Freetown witnessed the official launch of a fleet of 50 new buses, signifying a significant step towards improving the city’s transportation infrastructure. The launch ceremony was graced by the presence of the First Lady, Fatima Maada Bio, and Chief Minister Dr David Moinina Sengeh. Their attendance underscored government’s unwavering commitment to enhancing mobility within the capital city.


Enlightening the operationalization of these buses, Chief Minister noted: “Corridors: The buses operate on two corridors: Calaba Town to Bus Station (East Corridor) and Lumley to Bus Station (West Corridor). Bus Stops: Passengers can board and alight at designated bus stops along the specified corridors. Starting from tomorrow, January 30, 2024, the buses will offer free rides to the public until February 1. This initiative is aimed at allowing residents to experience the new transportation system without the burden of fare payment during the initial phase.”

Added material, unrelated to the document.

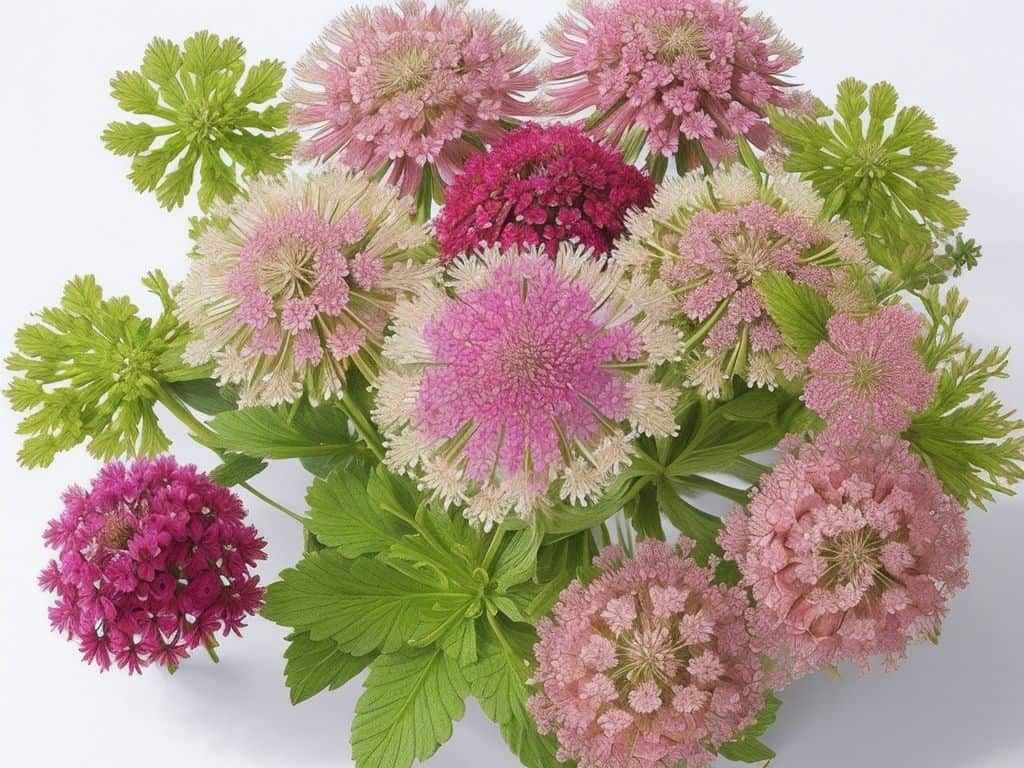 How to Care for Astrantia Flowers - Astrantia Flowers: An In-Depth Look at Their Meaning, Symbolism, and Cultural Significance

However, this medium conducted a vox pop across the streets of Freetown. During that vox pop, majority of those respondents bitterly lamented the conditions that are tied to the operationalization of those buses. Hawa Bockarie, a trader who lives at Calaba Town said: “This is a big disgrace to this government. Ten Leone (NLe10) as ticket price is too much…this is not fair…so what poverty elevation has the government brought on these buses because for me it is all about suffering and severe pain…”

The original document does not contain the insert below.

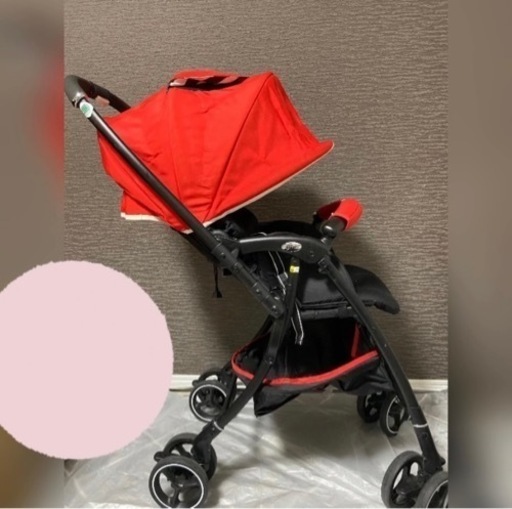 値下げ‼️】子供用品 ベビー用品 ベビーカー、バギー 楽天市場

Apart from her, Amadu Koroma, a driver normally routes from Calaba Town to East-End Police told FORUM NEWS SL that what the government has done is unprecedented to all Sierra Leoneans especially for them as drivers. “Now the government has noted that all commercial vehicles should route old road. This is too much for us…”


Adama Kamara said: The idea of bring the buses is very fine but the conditions that are tied to these buses is really not fair for us as ordinary and poor Sierra Leoneans. Other sources have asked the government of Sierra Leone to have a rethink on this decision, while others thank and commend the effort of making provision of the facilities.